# New Orleans



## ctt17 (May 7, 2007)

Guys,

Wife and I are taking about taking a short trip to NO this late fall/winter. I got the green light to book a redfish trip with Fly Water Expeditions. 

Anyone has any advice on when to book a trip over there? Besides frequency of cold fronts, any difference on Oct/Nov/Dec?

Thanks,
Craig


----------



## POCsaltdog (Nov 26, 2014)

ctt17 said:


> Guys,
> 
> Wife and I are taking about taking a short trip to NO this late fall/winter. I got the green light to book a redfish trip with Fly Water Expeditions.
> 
> ...


October is the best IMO. Preferably 10 days prior to a full moon. November is just as good, but dodging fronts. October is actually my favorite time of year. Nothing but BULL REDS.


----------



## TXyakker (Aug 18, 2005)

Hopefully you'll get to fish with Greg. He's a great guide and a great dude to boot! I went to Tulane with him and we fished the marshes south of NOLA way before he became big time.


----------



## ctt17 (May 7, 2007)

POCsaltdog said:


> October is the best IMO. Preferably 10 days prior to a full moon. November is just as good, but dodging fronts. October is actually my favorite time of year. Nothing but BULL REDS.


Thanks for the advice. Our wedding anniversary is in Dec, so I'll prob have to book closer to the later part of the year.

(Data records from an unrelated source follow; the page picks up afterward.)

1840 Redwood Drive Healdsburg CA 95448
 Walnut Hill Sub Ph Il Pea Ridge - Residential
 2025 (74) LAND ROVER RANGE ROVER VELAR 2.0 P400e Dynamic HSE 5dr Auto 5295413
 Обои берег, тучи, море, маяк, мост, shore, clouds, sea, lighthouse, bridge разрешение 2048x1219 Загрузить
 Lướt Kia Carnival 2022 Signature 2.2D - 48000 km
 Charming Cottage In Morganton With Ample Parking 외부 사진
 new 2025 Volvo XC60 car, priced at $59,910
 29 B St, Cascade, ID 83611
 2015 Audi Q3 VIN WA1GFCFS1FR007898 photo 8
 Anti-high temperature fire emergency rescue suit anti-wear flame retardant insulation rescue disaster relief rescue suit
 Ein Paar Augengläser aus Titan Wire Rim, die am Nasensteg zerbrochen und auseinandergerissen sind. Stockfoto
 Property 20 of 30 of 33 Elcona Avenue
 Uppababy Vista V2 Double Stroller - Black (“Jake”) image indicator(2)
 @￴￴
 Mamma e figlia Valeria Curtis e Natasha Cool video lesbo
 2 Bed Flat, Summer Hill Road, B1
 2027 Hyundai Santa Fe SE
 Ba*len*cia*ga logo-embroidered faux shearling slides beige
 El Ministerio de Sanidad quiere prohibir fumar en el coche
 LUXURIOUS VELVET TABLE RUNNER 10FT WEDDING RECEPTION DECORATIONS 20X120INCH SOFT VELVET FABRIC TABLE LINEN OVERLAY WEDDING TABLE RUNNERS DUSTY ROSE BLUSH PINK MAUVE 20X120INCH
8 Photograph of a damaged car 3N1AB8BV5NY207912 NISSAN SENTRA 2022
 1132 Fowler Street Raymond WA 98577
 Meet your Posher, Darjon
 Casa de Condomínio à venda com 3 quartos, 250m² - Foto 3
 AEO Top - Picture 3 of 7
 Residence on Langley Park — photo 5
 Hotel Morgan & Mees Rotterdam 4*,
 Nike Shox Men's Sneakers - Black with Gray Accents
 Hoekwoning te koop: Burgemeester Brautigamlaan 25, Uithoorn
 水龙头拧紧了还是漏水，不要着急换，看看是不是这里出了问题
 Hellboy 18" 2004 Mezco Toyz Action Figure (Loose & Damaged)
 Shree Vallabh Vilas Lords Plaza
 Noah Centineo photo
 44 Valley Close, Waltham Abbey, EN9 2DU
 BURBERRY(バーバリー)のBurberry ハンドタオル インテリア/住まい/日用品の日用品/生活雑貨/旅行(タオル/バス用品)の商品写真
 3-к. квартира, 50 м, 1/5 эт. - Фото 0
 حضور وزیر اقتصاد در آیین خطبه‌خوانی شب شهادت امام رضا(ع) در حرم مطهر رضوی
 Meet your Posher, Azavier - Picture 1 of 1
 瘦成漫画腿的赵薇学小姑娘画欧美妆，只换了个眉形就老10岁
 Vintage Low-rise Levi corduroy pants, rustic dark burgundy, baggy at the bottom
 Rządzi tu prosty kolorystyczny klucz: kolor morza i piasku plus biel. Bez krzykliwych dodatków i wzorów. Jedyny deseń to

Fishing wise, what's the water like at that time? Do you think I'll have shots at bigger fish later in the year?


----------



## quattro (Sep 28, 2014)

Oct/Nov are peak times for the ideal weather and big fish. But the big fish are there through feb. Weather can be dodgy in jan/feb but the fish are huge.
Better look to book soon as the fall often books close to a year in advance and by three months out will be challenging to find an available guide.


----------



## Ripin' Lips (Jul 3, 2012)

ctt17 said:


> Guys,
> 
> Wife and I are taking about taking a short trip to NO this late fall/winter. I got the green light to book a redfish trip with Fly Water Expeditions.
> 
> ...


I'd ask Greg for recommendations for the best time to go. Weather can be spotty so if possible, book multiple days. If you cant fish with Greg, i would recommend Paul Lappin or Nick Sassic.


----------